Listed entries:
──────────────────────────────

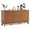 Walnut, variant on 58" Sideboard Buffet Cabinet, Entryway Coffee Bar Cabinet with Fluted Doors & Adjustable Shelves, Media Console Table, Floor Cupboard Cabinet, Oak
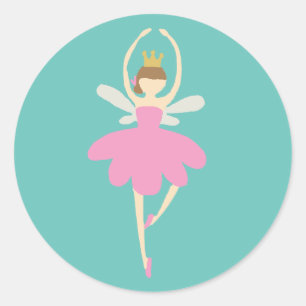 Fairy Nutcracker Weihnachtssticker Runder Aufkleber
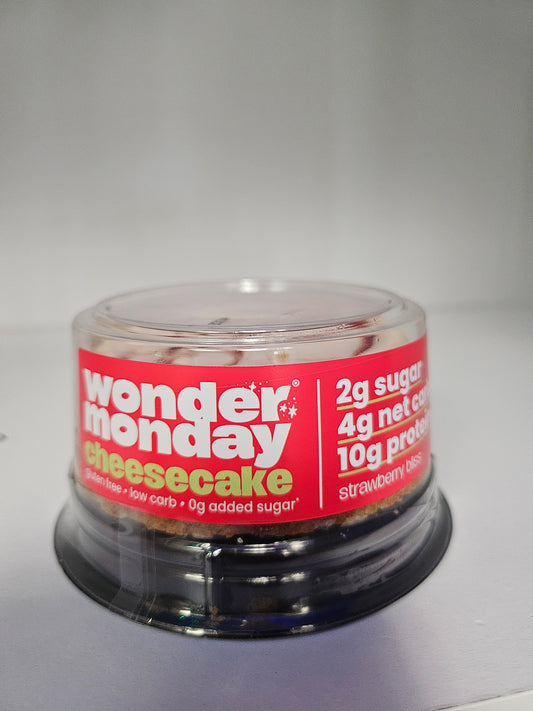 Wonder Monday Strawberry Bliss Cheesecake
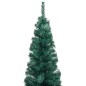 vidaXL Árbol de Navidad preiluminado con luces y bolas verde 120 cm vidaXL Árbol de Navidad preiluminado con luces y bolas verde 120 cm
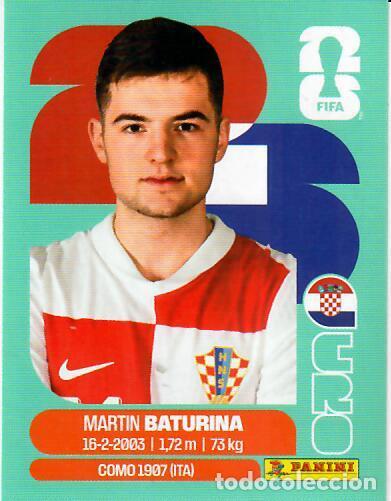 Cromos de f&uacute;tbol: CROMO PANINI MUNDIAL WORLD CUP 2026 - CRO11 CRO 11 - BATURINA - CROACIA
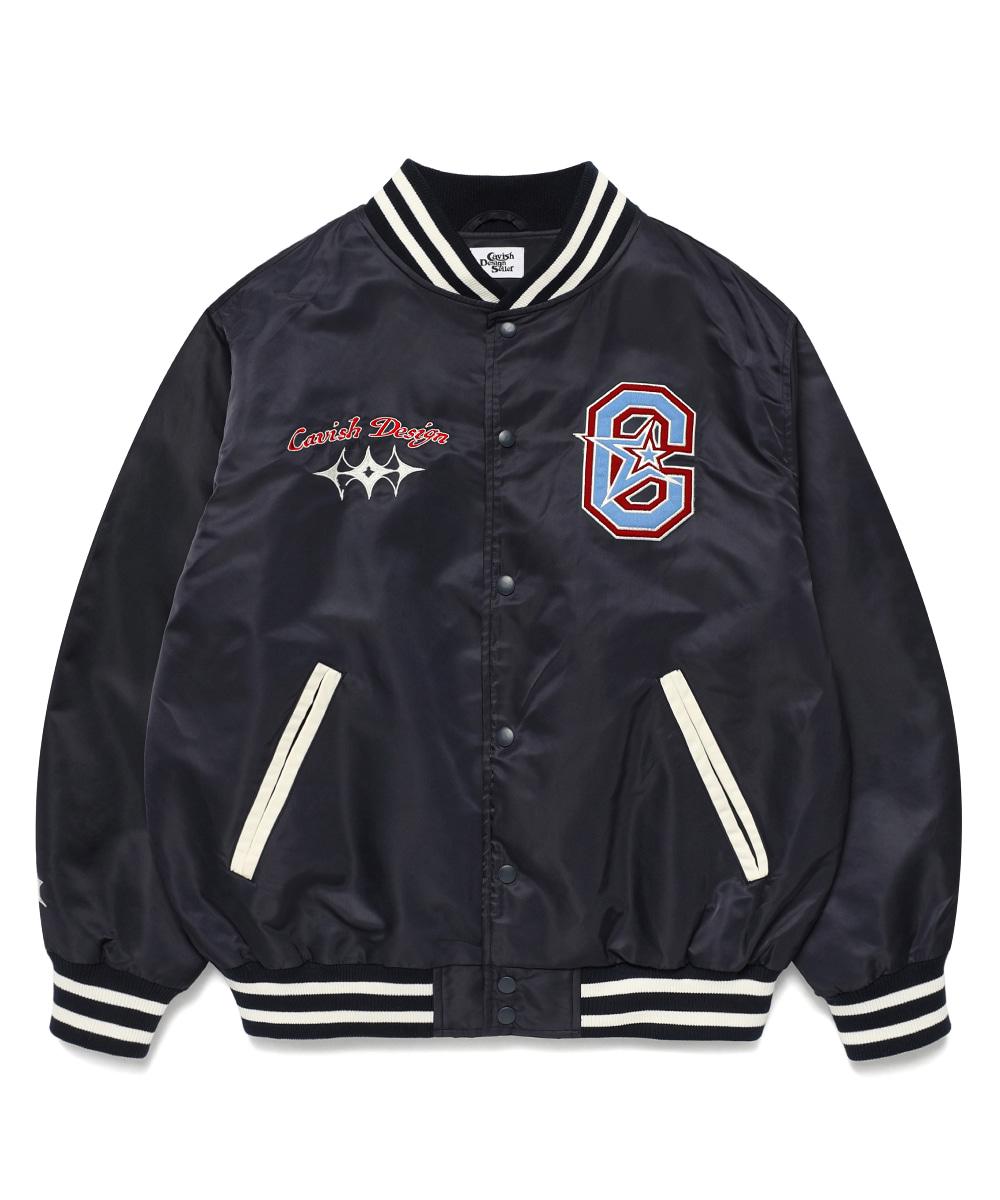 CVS BASEBALL JACKET[NAVY]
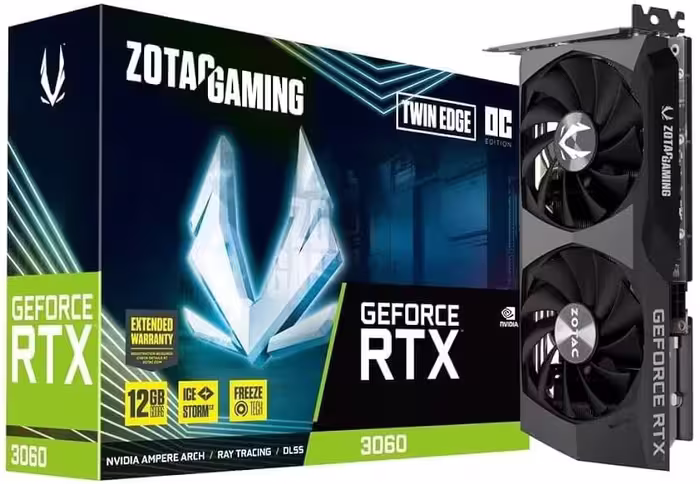 کارت گرافیک ZOTAC RTX 3060 TWIN EDGE 12G   گارانتی اصلی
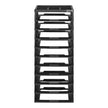 Plastic Storage Organizer 10-Tier Large Capacity with Organizer Top Black Frame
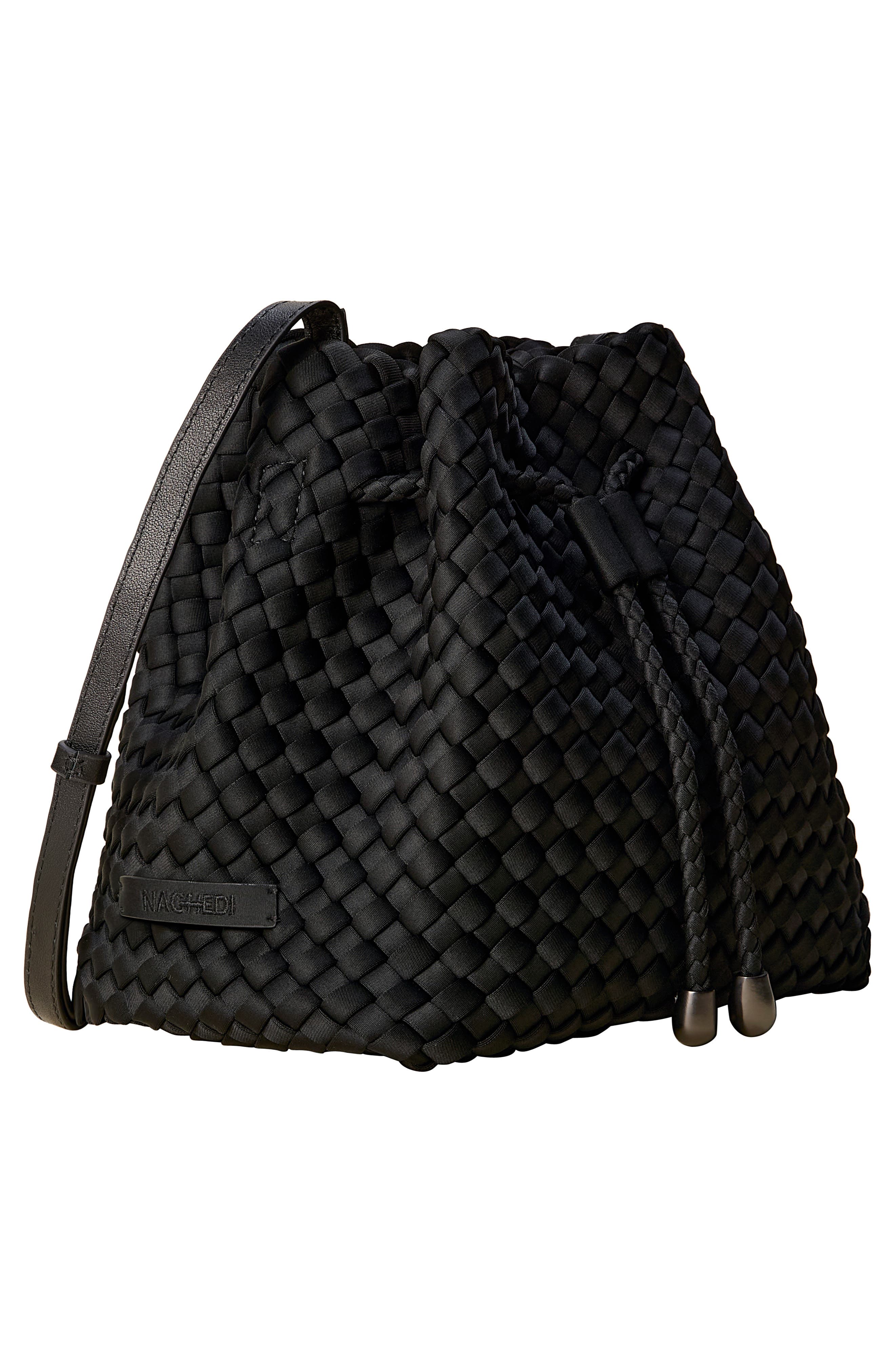 NAGHEDI Medium Gramercy Bucket Bag, Alternate, color, Onyx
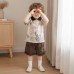 Summer graffiti short sleeved baby two-piece children's clothing set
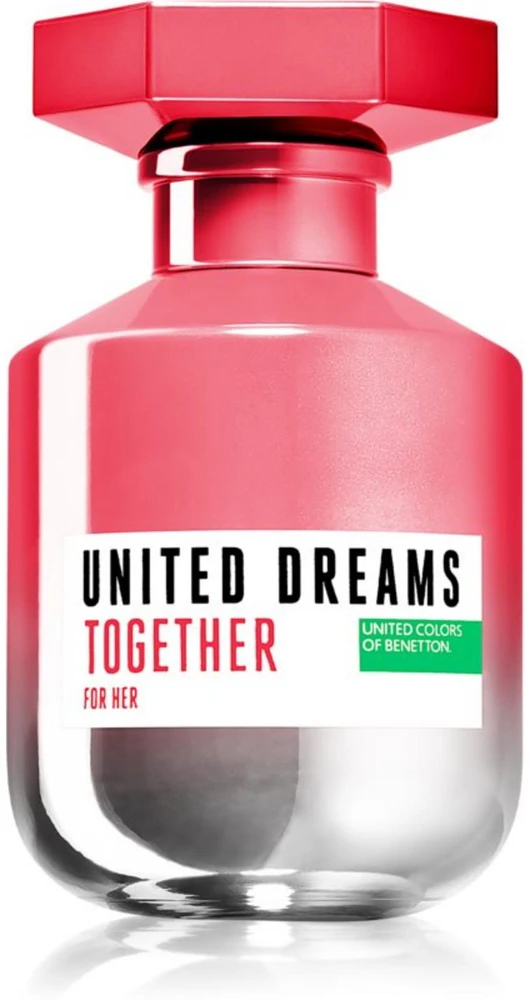 Benetton United Dreams Together For Her EDT tualetinis vanduo moterims, 80 ml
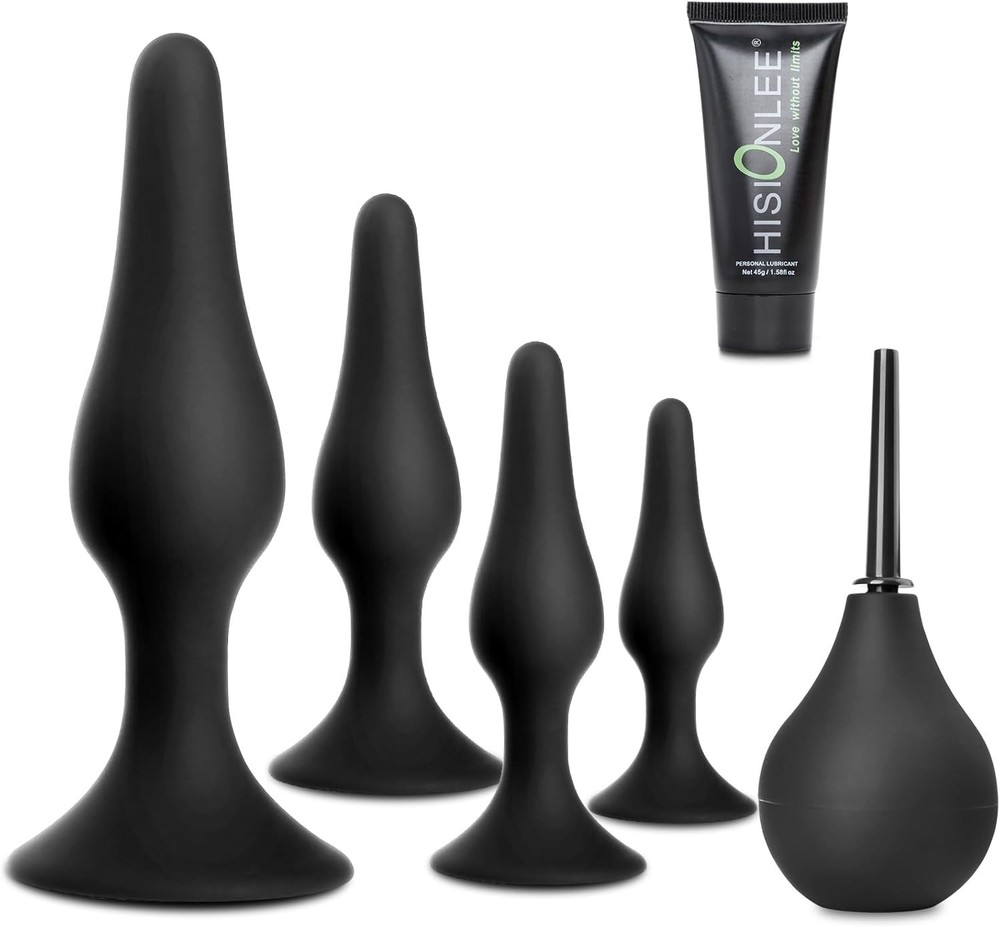 Silicone Anal Plug Set with Strong Suction – Explore Together Safely
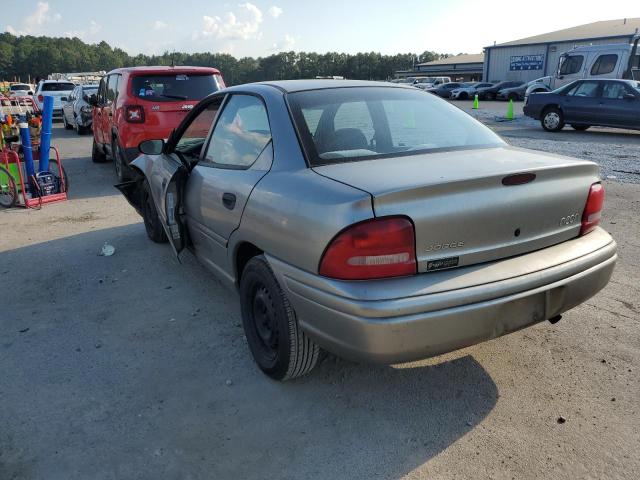 1B3ES47C4XD158255 - 1999 DODGE NEON HIGHL BROWN photo 3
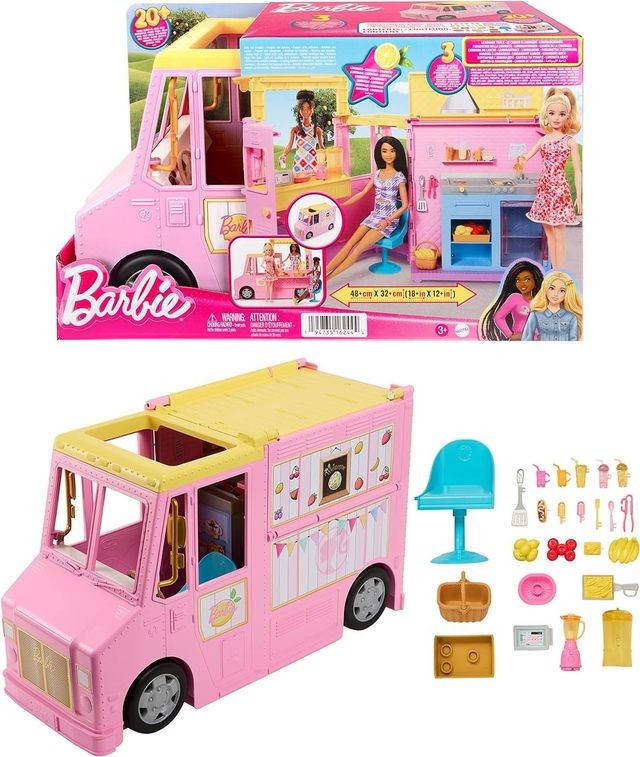 BARBIE Barbės Limonado autobusas su priedais hpl71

──────────────────────────────

Exercise directions:
In your copy of the entries above, keep the text exact and leave out the pictures.

Worked solution:
 Walnut, variant on 58" Sideboard Buffet Cabinet, Entryway Coffee Bar Cabinet with Fluted Doors & Adjustable Shelves, Media Console Table, Floor Cupboard Cabinet, Oak
 Fairy Nutcracker Weihnachtssticker Runder Aufkleber
 Wonder Monday Strawberry Bliss Cheesecake
 vidaXL Árbol de Navidad preiluminado con luces y bolas verde 120 cm vidaXL Árbol de Navidad preiluminado con luces y bolas verde 120 cm
 Cromos de f&uacute;tbol: CROMO PANINI MUNDIAL WORLD CUP 2026 - CRO11 CRO 11 - BATURINA - CROACIA
 CVS BASEBALL JACKET[NAVY]
 کارت گرافیک ZOTAC RTX 3060 TWIN EDGE 12G   گارانتی اصلی
 Plastic Storage Organizer 10-Tier Large Capacity with Organizer Top Black Frame
 NAGHEDI Medium Gramercy Bucket Bag, Alternate, color, Onyx
 Summer graffiti short sleeved baby two-piece children's clothing set
 Benetton United Dreams Together For Her EDT tualetinis vanduo moterims, 80 ml
 Silicone Anal Plug Set with Strong Suction – Explore Together Safely
 1B3ES47C4XD158255 - 1999 DODGE NEON HIGHL BROWN photo 3
 BARBIE Barbės Limonado autobusas su priedais hpl71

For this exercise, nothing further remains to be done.